YOUR INSTRUCTIONS: For the string "Manual", find every matching line in the records and copy it.

PROVIDED INFORMATION:
☆ ☆ ☆

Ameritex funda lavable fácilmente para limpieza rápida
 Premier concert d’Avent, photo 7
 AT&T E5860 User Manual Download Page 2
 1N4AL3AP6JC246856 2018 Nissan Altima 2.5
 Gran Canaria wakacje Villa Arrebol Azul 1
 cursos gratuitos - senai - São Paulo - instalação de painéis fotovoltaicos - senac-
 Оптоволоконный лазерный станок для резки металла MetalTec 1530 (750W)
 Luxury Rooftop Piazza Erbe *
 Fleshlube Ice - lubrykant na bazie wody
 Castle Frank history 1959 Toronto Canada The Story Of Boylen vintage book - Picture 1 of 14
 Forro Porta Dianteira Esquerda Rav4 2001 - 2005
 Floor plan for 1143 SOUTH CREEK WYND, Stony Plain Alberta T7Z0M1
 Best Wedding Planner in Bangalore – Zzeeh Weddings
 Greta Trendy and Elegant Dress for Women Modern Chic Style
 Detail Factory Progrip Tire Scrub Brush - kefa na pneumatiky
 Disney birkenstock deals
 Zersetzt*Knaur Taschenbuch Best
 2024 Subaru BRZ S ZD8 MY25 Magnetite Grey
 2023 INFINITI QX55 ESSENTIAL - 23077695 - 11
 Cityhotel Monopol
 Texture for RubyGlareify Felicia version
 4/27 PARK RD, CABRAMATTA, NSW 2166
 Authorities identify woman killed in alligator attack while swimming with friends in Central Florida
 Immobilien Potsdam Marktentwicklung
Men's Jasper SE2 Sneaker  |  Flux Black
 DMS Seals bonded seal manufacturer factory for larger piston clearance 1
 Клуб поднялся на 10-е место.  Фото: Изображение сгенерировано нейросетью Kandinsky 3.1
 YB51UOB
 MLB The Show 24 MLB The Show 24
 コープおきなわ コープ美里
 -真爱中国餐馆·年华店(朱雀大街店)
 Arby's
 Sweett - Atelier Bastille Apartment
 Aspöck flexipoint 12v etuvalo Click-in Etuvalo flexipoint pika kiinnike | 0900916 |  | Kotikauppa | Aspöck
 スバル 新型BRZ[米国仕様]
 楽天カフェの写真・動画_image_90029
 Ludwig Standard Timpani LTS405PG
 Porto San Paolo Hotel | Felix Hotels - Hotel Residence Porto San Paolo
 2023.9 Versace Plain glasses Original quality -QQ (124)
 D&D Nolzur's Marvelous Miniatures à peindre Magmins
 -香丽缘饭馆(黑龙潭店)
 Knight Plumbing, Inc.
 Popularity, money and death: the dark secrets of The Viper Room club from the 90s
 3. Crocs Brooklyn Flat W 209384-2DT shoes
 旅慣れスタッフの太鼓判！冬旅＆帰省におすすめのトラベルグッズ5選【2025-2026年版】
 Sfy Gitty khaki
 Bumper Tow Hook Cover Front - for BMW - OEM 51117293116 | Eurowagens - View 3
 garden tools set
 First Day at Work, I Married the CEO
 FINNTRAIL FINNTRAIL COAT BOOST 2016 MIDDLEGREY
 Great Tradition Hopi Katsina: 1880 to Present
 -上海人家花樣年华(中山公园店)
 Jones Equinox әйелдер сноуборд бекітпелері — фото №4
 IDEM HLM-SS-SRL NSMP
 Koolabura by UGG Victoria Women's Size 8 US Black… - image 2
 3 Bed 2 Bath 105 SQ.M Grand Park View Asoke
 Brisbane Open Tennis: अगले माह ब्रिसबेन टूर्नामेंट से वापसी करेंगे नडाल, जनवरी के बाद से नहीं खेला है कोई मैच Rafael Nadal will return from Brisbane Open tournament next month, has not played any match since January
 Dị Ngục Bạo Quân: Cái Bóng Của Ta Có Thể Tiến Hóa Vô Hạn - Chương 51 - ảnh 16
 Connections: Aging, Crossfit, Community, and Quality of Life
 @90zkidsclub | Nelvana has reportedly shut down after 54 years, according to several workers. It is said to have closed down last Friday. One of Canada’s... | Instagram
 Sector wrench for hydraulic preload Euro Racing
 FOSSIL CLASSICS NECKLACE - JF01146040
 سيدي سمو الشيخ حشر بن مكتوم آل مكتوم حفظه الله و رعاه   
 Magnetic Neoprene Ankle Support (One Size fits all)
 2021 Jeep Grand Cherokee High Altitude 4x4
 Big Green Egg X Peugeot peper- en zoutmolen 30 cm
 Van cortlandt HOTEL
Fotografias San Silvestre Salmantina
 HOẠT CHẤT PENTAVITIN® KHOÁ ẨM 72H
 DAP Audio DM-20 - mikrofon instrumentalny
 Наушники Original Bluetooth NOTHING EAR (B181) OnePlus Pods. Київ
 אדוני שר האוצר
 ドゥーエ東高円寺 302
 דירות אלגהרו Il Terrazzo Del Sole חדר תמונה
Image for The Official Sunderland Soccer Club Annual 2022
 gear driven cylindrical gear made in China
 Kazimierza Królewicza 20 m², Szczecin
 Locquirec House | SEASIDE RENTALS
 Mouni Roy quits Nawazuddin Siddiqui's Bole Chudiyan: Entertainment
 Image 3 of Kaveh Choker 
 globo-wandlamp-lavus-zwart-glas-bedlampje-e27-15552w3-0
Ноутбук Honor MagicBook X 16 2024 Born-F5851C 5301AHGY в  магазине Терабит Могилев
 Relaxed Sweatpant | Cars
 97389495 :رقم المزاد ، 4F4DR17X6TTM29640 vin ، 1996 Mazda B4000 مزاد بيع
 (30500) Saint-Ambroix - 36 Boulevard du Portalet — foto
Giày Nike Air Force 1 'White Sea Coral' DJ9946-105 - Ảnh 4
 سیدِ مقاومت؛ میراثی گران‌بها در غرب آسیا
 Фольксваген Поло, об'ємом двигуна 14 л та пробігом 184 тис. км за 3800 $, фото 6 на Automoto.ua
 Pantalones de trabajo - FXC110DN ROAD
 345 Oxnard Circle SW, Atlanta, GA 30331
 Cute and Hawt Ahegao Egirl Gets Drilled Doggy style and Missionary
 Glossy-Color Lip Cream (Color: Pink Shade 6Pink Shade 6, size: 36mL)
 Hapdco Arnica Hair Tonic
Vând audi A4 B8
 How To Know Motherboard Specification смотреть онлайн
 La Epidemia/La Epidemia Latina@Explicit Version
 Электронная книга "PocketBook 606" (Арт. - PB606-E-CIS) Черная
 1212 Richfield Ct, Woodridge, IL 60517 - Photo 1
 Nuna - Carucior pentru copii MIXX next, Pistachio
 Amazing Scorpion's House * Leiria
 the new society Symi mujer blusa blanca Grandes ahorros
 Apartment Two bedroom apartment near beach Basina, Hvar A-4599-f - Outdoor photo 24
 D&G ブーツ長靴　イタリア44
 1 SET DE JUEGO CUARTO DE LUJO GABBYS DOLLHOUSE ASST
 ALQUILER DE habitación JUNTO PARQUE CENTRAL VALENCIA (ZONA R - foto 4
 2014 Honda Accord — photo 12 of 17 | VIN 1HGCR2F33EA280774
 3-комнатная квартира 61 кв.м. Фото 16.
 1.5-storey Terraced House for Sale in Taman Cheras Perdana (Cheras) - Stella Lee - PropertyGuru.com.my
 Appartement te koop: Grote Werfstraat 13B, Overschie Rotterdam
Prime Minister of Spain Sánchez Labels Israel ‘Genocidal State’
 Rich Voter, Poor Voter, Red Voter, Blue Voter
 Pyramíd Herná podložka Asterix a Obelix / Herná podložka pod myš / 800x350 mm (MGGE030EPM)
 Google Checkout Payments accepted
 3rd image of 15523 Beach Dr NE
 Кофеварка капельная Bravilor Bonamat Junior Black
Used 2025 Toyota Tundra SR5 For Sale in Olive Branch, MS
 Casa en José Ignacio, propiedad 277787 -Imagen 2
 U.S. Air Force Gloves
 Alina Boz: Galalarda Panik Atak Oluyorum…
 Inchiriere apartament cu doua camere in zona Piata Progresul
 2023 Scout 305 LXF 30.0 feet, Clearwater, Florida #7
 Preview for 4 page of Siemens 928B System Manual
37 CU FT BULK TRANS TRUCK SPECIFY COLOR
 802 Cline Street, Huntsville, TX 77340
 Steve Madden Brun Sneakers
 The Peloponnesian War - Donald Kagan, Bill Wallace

☆ ☆ ☆

SOLUTION:
 AT&T E5860 User Manual Download Page 2
 Preview for 4 page of Siemens 928B System Manual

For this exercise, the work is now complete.